La crisis que atraviesa el segmento del petróleo y gas convencional en la Cuenca Neuquina comenzó a impactar con mayor fuerza en las empresas del sector. La petrolera Oilstone Energía SA solicitó la apertura de un concurso preventivo de acreedores para reestructurar una deuda de 11,8 millones de dólares, en un contexto marcado por despidos y caída de ingresos.
La medida fue admitida el 20 de febrero por el Juzgado Nacional de Primera Instancia en lo Comercial N.º 11 de Buenos Aires, jurisdicción donde la compañía tiene su domicilio fiscal. El pedido había sido presentado el 4 de febrero por la propia empresa, que argumentó encontrarse en cesación de pagos y necesitar una reprogramación de sus compromisos financieros.
Oilstone es una de las compañías relevantes dentro del segmento convencional en Neuquén. Posee 15 concesiones que abarcan aproximadamente 3.000 kilómetros cuadrados en la denominada Comarca Petrolera, una zona históricamente asociada a la actividad hidrocarburífera de la Cuenca Neuquina.
Sin embargo, el avance del desarrollo no convencional en Vaca Muerta modificó profundamente el escenario energético regional. La expansión de esa formación, con mayor productividad y atractivo para las inversiones, desplazó gradualmente al convencional en la asignación de recursos, infraestructura y financiamiento.
Según explicó la empresa en su presentación judicial, este cambio estructural impactó directamente en su negocio. Entre los factores que agravaron su situación mencionó las dificultades para acceder a los sistemas de transporte de hidrocarburos y la caída en los precios del gas natural, influida por el aumento de la oferta proveniente de Vaca Muerta.
En paralelo, la compañía redujo significativamente su estructura laboral. De un plantel cercano a los 300 trabajadores pasó a contar con 183 empleados, lo que implica al menos 120 desvinculaciones en el marco del proceso de ajuste.
Para intentar revertir la crisis, la empresa presentó ante la justicia un plan de reorganización financiera que depende, en gran medida, de la renegociación de sus deudas con tres entidades bancarias que concentran la mayor parte de sus acreencias.

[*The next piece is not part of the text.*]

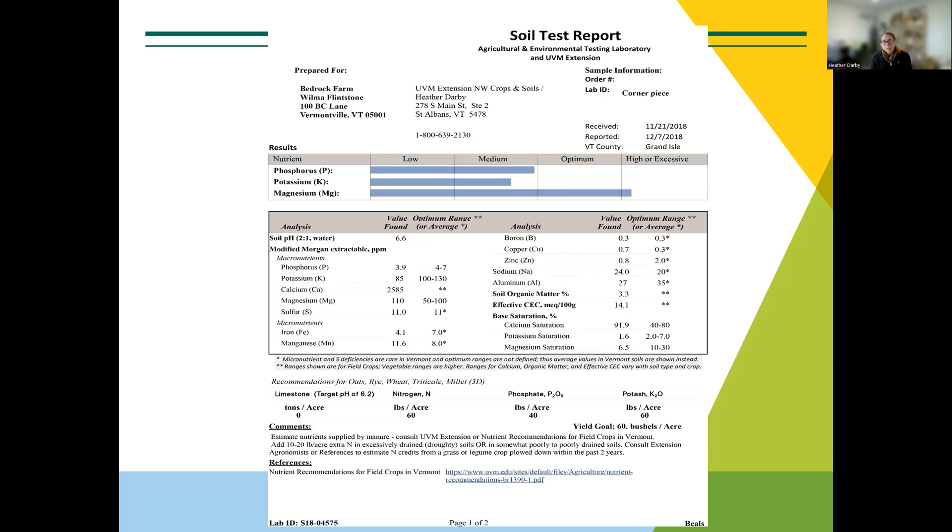Then you've got to fill out a form. Filling out the form is really important, especially if you want recommendations back. Make sure the bags are labeled with the name of the field as you know it, so that when you get the samples back you know what they're from. I've seen people go out and soil sample, not have a marker, put all the samples in their truck, and then not be able to remember which one was from where. Just make sure the bags are labeled.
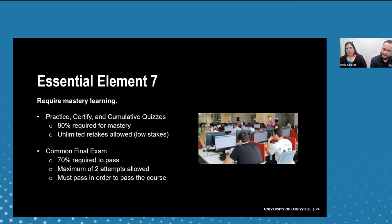Element 7 is requiring mastery learning. In our class, mastery means 80%. Assignments are low-pressure because we allow unlimited retakes — we're just trying to get students to demonstrate enough mastery to move forward. Once they've completed the work, students take the common final exam with a threshold of 70%, with a maximum of two attempts, and this must be passed to pass the course. The final exam was created in collaboration with our math department to ensure students are ready for college algebra and other quantitative courses.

No obstante, el escenario de recuperación también está condicionado por la relación con la provincia de Neuquén, titular de las concesiones hidrocarburíferas. Desde 2024, Oilstone mantiene negociaciones con el gobierno provincial para extender la vigencia de aproximadamente la mitad de sus áreas.
Ese proceso se encuentra actualmente virtualmente detenido a la espera de la evolución del concurso de acreedores y de un punto clave en discusión: la exigencia de la provincia de que la empresa presente un plan de abandono seguro de pozos e instalaciones.
Para las compañías del segmento convencional, esta condición representa un desafío financiero significativo. El cierre definitivo de pozos requiere inversiones elevadas y no genera ingresos productivos, lo que tensiona aún más la economía de empresas que dependen de yacimientos maduros y de baja producción.